EXERCISE GOAL :: For the entries below, the expected answer is the line with "da axolotlz", the line with "Metodologi Penelitian Living", and every line between them, exactly as written, and nothing more.

SOURCE INFORMATION ::
%%
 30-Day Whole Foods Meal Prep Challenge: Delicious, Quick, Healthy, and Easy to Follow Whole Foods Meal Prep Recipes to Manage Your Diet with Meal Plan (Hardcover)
%%
%%
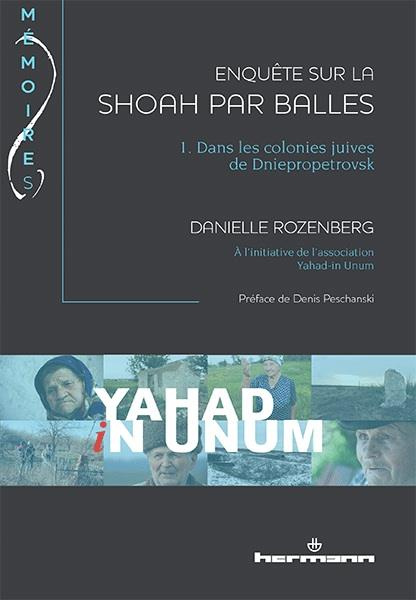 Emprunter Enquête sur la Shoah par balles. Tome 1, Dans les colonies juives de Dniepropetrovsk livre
%%
%%
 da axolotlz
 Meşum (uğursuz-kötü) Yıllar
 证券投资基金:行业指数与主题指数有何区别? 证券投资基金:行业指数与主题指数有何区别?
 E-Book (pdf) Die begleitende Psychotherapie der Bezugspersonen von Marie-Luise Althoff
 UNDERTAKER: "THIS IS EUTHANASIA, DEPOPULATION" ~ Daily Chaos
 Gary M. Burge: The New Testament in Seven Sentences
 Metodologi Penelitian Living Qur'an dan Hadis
%%
ANSWER SPACE ::
 da axolotlz
 Meşum (uğursuz-kötü) Yıllar
 证券投资基金:行业指数与主题指数有何区别? 证券投资基金:行业指数与主题指数有何区别?
 E-Book (pdf) Die begleitende Psychotherapie der Bezugspersonen von Marie-Luise Althoff
 UNDERTAKER: "THIS IS EUTHANASIA, DEPOPULATION" ~ Daily Chaos
 Gary M. Burge: The New Testament in Seven Sentences
 Metodologi Penelitian Living Qur'an dan Hadis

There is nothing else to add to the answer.